The issue before Short arose in the context of a wrongful dismissal action. The plaintiff had been working for the city as director of social community support services in addition to taking on responsibilities for a city-owned nursing facility, Dearness Home.
An elderly resident who had left the residence died while attempting to cross a street.
The city retained a London lawyer, John McNair, to conduct an investigation into the circumstances of the death. Following the completion of his report, the city terminated the plaintiff, Cindy Howard, for just cause in relation to the incident.
The plaintiff moved successfully for the production of the McNair report. The first issue before Short was whether the report was subject to privilege as legal advice.
Short conducted a factual review of the context of the retainer to determine the mandate of the investigator. He found there was no privilege for legal advice, noting the retainer bore no reference to the possible termination of any employee, let alone the plaintiff specifically.
It is evident that the very fact that the report came from legal counsel does not end the analysis.
To claim privilege for legal advice, the factual context must support the assertion that the intention was to and did in fact provide a legal opinion on the relevant issue.
More significantly, however, the same decision dealt with an important concept, common interest, that will have significant implications for the future conduct of workplace investigations.
Short noted that during repeated interviews with the plaintiff, she had received assurances she was not in a position of personal vulnerability. Howard also asked if she should retain legal counsel and was not only denied the right to have counsel represent her but was told such an action was not necessary.
It was clear on the evidence that there was no expectation on the part of the plaintiff that her position was in jeopardy.
In this instance, the court found there was a common interest between the plaintiff and the employer and, hence, would have ordered production of the report even if it had accepted the privilege claim. As part of the decision, Short referenced a 1982 ruling in
R. v. Dunbar in which the court stated: “The authorities are clear that where two or more persons, each having an interest in some matter, jointly consult a solicitor, their confidential communications with the solicitor, although known to each other, are privileged against the outside world. However, as between themselves, each party is expected to share in and be privy to all communications passing between each of them and their solicitor. Consequently, should any controversy or dispute arise between them, the privilege is inapplicable, and either party may demand disclosure of the communication. . . .”

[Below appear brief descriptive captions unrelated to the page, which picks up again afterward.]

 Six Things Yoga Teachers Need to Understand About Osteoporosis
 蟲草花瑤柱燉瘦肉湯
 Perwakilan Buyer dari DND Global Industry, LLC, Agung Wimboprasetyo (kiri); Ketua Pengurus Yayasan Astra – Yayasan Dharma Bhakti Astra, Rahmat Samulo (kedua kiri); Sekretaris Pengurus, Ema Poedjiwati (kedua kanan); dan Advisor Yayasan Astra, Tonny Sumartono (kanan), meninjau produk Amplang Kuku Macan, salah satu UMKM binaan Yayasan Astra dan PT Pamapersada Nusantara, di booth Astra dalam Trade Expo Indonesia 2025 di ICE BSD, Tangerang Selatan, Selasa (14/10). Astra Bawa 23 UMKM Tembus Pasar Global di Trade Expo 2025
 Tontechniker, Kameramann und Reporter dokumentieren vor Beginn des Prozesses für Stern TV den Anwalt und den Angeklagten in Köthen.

As short noted in Howard: “In my view that is exactly the situation here and no privilege can be asserted against the plaintiff who was intimately involved in the conducting of the subject investigation.”

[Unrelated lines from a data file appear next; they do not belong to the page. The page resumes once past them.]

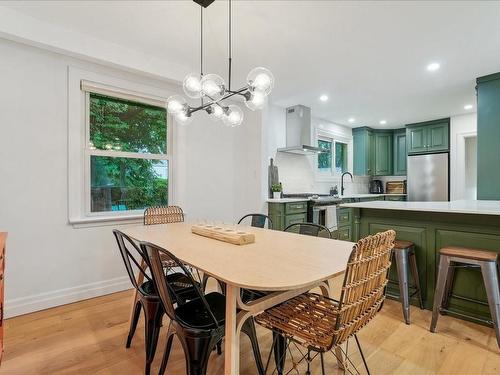 186 Old Orchard Road, Burlington, ON - Indoor Photo Showing Dining Room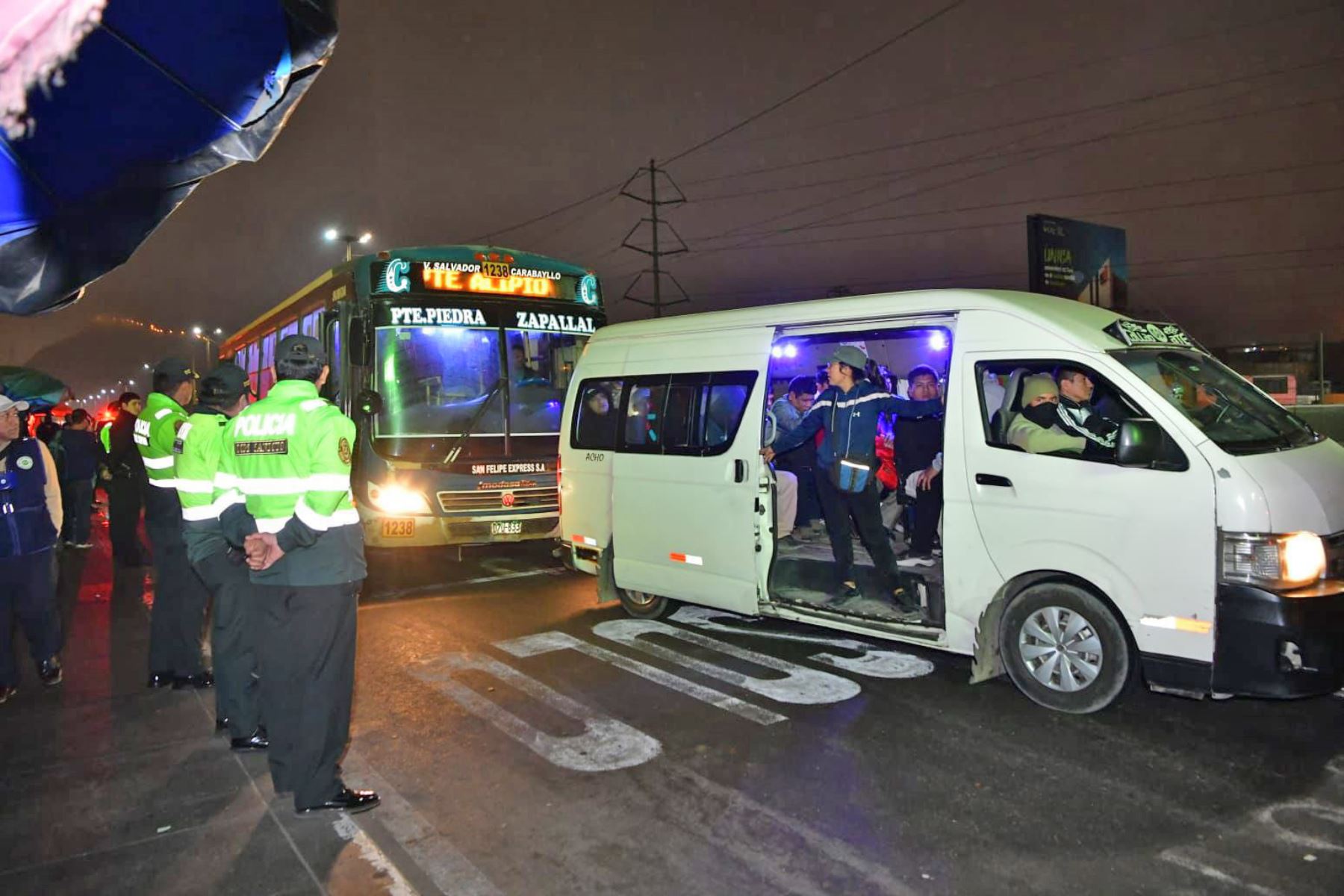 Transporte público en Lima y Callao se desarrolla con total normalidad, en el marco del paro convocado para hoy jueves 21 de agosto por un sector de transportistas. Usuarios abordaron los buses y cisterna en el paradero Puente Nuevo en medio de fuerte custodia policial.Foto: ANDINA/Difusión.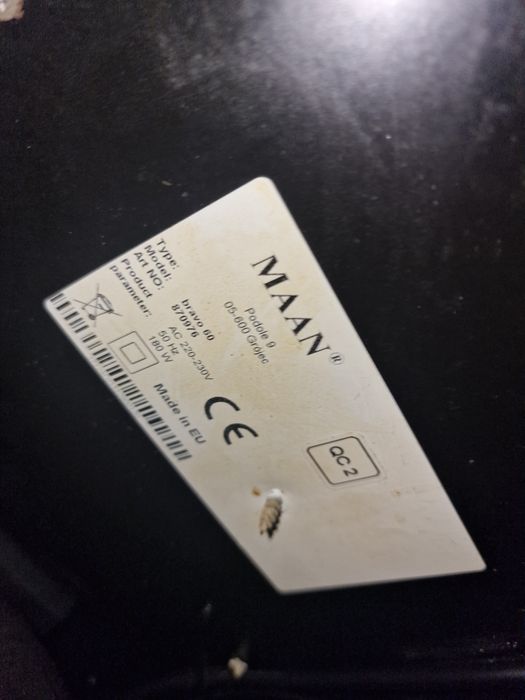 Okap czarne szklo pochlaniacz MAAN 60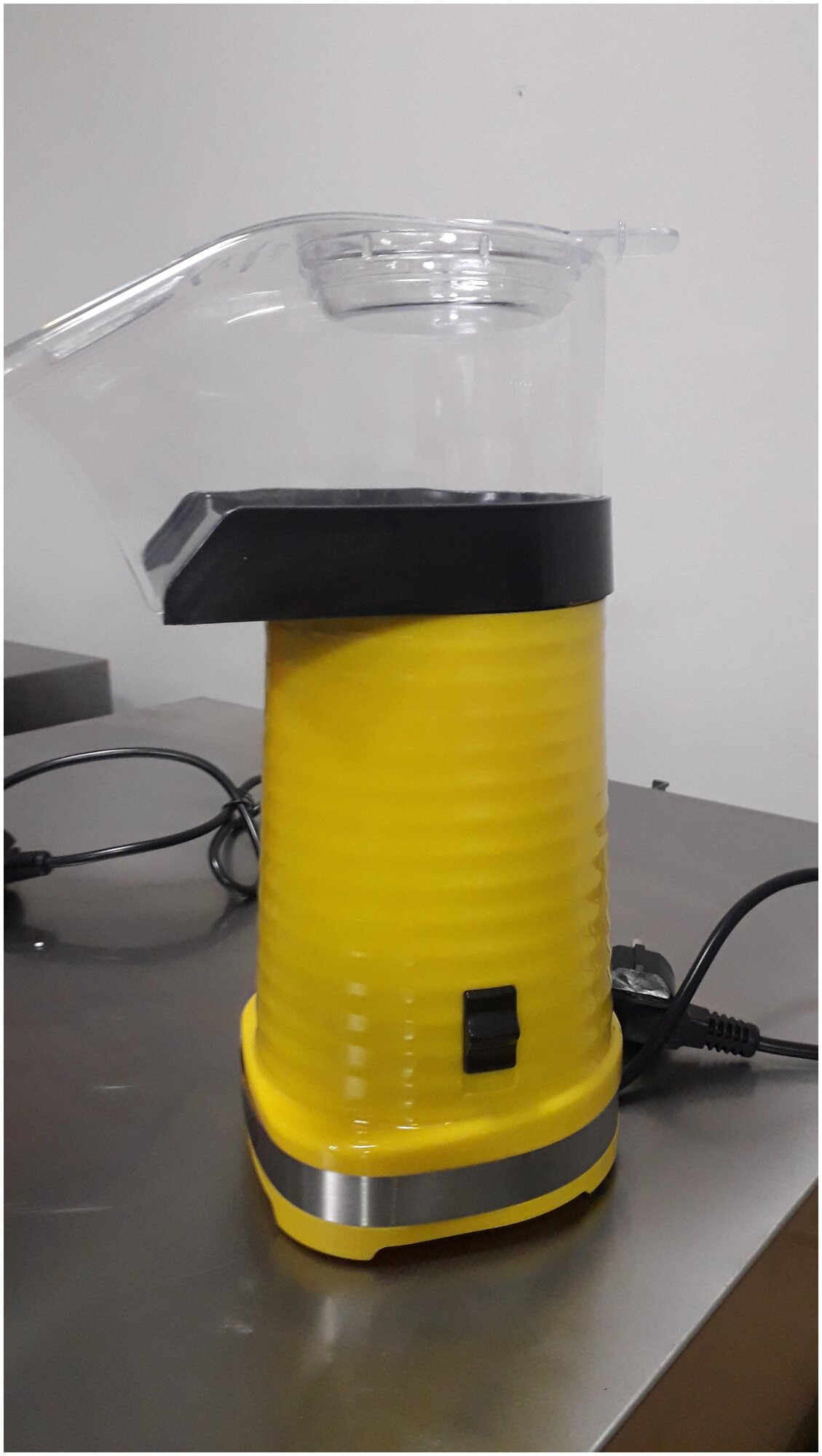Аппарат для попкорна VA-PM88Y, 1.2 кВт, 220 В, жёлтый - фотография № 2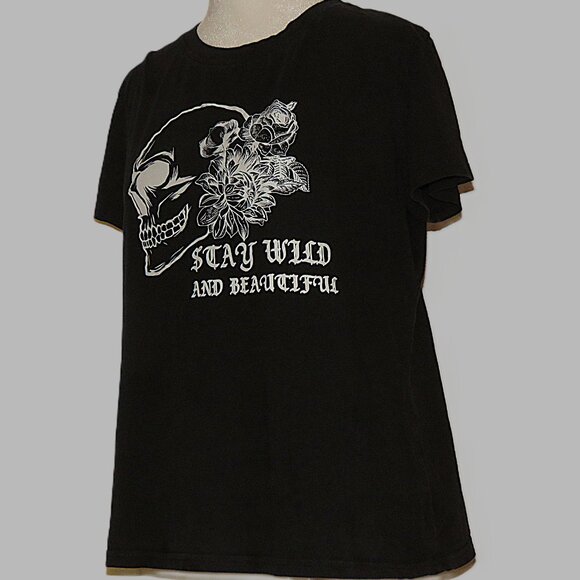 Shein Women's Stay Wild and Beautiful Short Sleeve T-Shirt Size XL (C229) - Picture 4 of 5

Thus, in circumstances where the employee has received assurance that she has no vulnerability and assists in and is “intimately involved” in the investigation, the party sharing the common interest cannot assert privilege against her.
There are other issues as well.
The court determined the employer was, in any event, also estopped from asserting privilege against her.
“No contrary evidence was filed to challenge her sworn testimony to the effect that was repeatedly assured that she had nothing to be concerned about and was told by Mr. McNair not only that she did not need a lawyer but that she could not have one in attendance,” wrote Short.
“In such circumstances it would seem to me that the City is estopped from asserting a privilege interest in the Investigation against the plaintiff.”
Although the use of the admission in the merits of the case remains a live issue, it should logically follow that estoppel should prevent the substantive use of the contents against the person in the action.
The decision brings into focus, and rightly so, the relationship between the investigator and the person under questioning. It does seem inherently unfair to allow the investigator to be friendly with the person subject to the interview and then use the contents of the session to hammer home a position against her.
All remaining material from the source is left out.